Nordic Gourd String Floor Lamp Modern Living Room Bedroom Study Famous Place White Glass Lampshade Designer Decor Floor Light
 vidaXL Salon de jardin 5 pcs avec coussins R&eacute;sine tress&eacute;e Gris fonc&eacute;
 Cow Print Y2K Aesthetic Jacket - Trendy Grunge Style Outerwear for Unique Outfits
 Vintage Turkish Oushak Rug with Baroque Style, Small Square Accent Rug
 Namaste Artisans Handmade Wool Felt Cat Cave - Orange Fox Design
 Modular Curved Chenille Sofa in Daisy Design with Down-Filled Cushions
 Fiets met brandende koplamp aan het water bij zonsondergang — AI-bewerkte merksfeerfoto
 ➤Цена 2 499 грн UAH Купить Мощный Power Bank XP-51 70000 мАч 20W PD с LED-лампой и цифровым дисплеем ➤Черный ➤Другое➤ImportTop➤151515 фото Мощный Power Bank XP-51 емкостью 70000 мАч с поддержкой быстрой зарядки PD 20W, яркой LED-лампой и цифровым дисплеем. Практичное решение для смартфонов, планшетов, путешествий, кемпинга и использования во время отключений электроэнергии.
--*--
**ASSIGNED TASK**
Each line of the listing should be printed again, exactly.

**EXERCISE SOLUTION**
Nordic Gourd String Floor Lamp Modern Living Room Bedroom Study Famous Place White Glass Lampshade Designer Decor Floor Light
 vidaXL Salon de jardin 5 pcs avec coussins R&eacute;sine tress&eacute;e Gris fonc&eacute;
 Cow Print Y2K Aesthetic Jacket - Trendy Grunge Style Outerwear for Unique Outfits
 Vintage Turkish Oushak Rug with Baroque Style, Small Square Accent Rug
 Namaste Artisans Handmade Wool Felt Cat Cave - Orange Fox Design
 Modular Curved Chenille Sofa in Daisy Design with Down-Filled Cushions
 Fiets met brandende koplamp aan het water bij zonsondergang — AI-bewerkte merksfeerfoto
 ➤Цена 2 499 грн UAH Купить Мощный Power Bank XP-51 70000 мАч 20W PD с LED-лампой и цифровым дисплеем ➤Черный ➤Другое➤ImportTop➤151515 фото Мощный Power Bank XP-51 емкостью 70000 мАч с поддержкой быстрой зарядки PD 20W, яркой LED-лампой и цифровым дисплеем. Практичное решение для смартфонов, планшетов, путешествий, кемпинга и использования во время отключений электроэнергии.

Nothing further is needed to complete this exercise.